### Work task:
An exact copy of all the data is needed, with every picture left out.

### Given material:

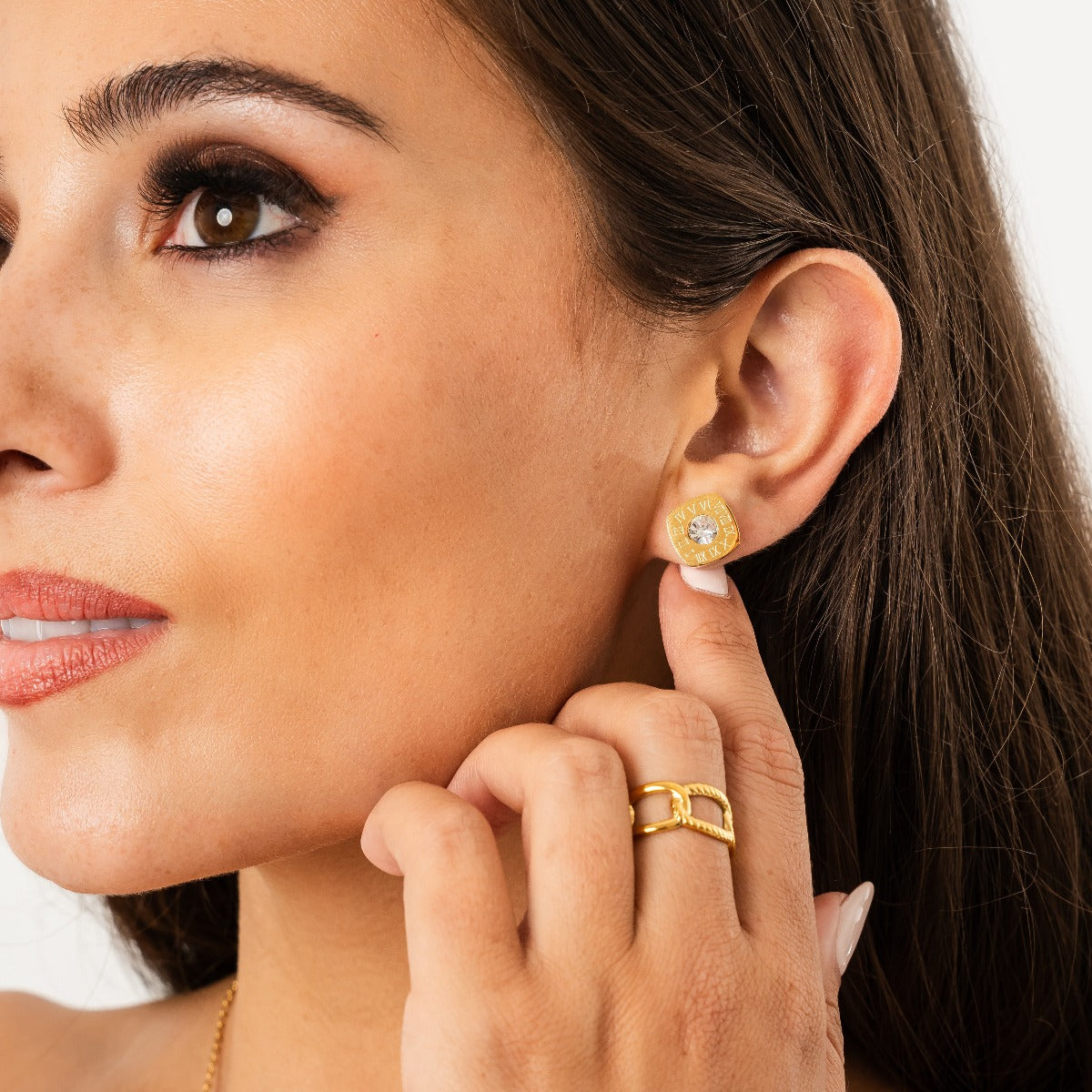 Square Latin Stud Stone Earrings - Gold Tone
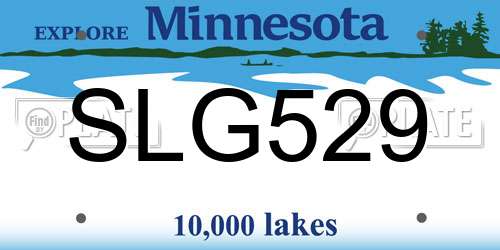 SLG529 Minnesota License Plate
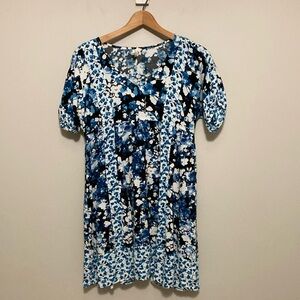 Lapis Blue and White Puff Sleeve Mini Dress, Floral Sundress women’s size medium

### Solution:
 Square Latin Stud Stone Earrings - Gold Tone
 SLG529 Minnesota License Plate
 Lapis Blue and White Puff Sleeve Mini Dress, Floral Sundress women’s size medium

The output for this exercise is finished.